In similar contexts courts have held that a bankruptcy court is precluded from relitigating judgments rendered by courts of competent jurisdiction, absent a showing that the judgment was procured by fraud or collusion. See, e.g., Heiser v. Woodruff, 327 U.S. 726, 736, 66 S.Ct. 853, 857, 90 L.Ed. 970 (1946) (under the Bankruptcy Act fraud issue litigated twice before may not be relitigated in bankruptcy court under principles of res judicata); Kapp v. Naturelle, Inc., 611 F.2d 703, 708 (8th Cir. 1979) (state court judgment against debtor conclusive in subsequent bankruptcy proceedings); Matter of Roloff, 598 F.2d 783 (3d Cir. 1979) (where state foreclosure proceedings resulted in a judgment prior to filing of Chapter XII, bankruptcy court was without jurisdiction to relitigate the merits or amount of the judgment). Further, allowing relitigation in the bankruptcy court would subvert the intent of 28 U.S.C. § 1294(1) (1982) which provides that appeals from district court decisions are to be heard by the court of appeals for the circuit that embraces the district.
City Centre's motion for a stay of appeal from the decision and order of the Southern District Court on January 28, 1986 is granted upon the conditions earlier recited. The motion for the stay of the appeal as to the individual non-debtor general partners is denied.

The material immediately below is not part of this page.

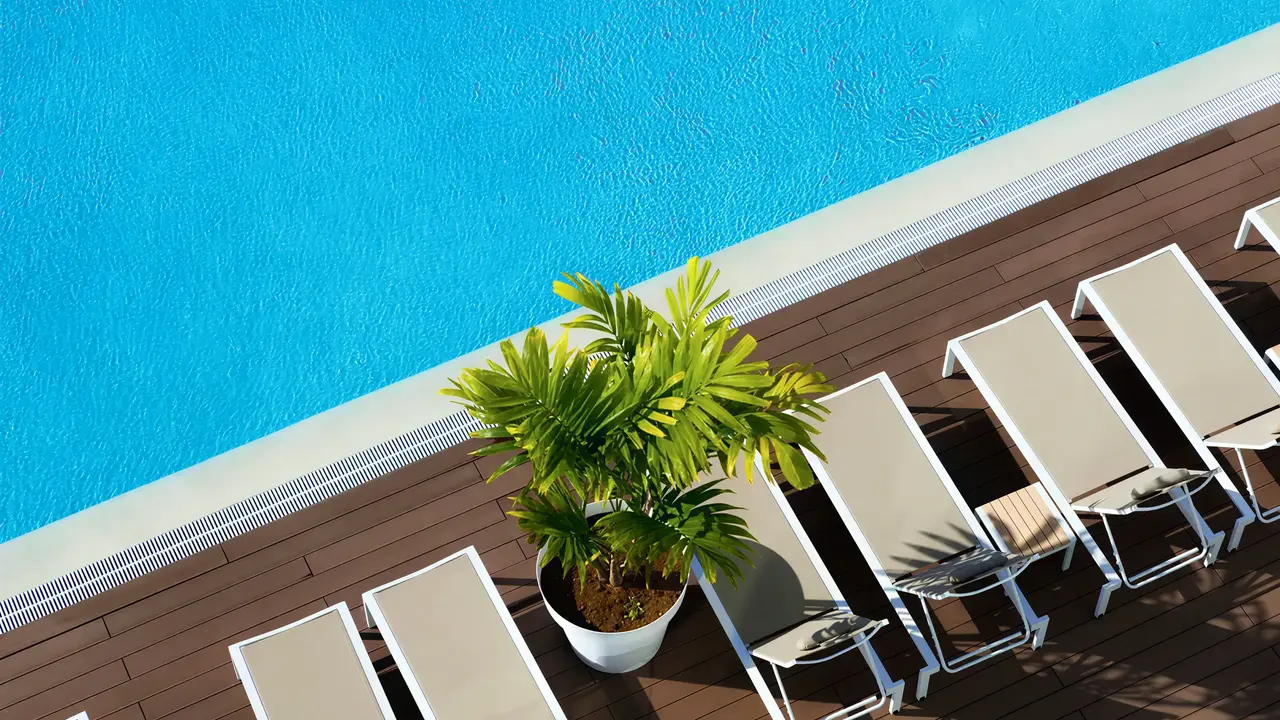 Basen i leżaki w Atlantic Mirage Suites & Spa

The district court's injunction issued March 27, 1986 prohibiting all of the defendants-appellants from pursuing or initiating any appeals of or collateral attacks upon its judgment in any court other than the Second Circuit is also affirmed, as are the sanctions directed in that order, as we find no abuse of the district court's discretion in imposing them.
Motion to stay appeal granted as to the debtor partnership in part on recited conditions and denied as to the non-debtor general partners.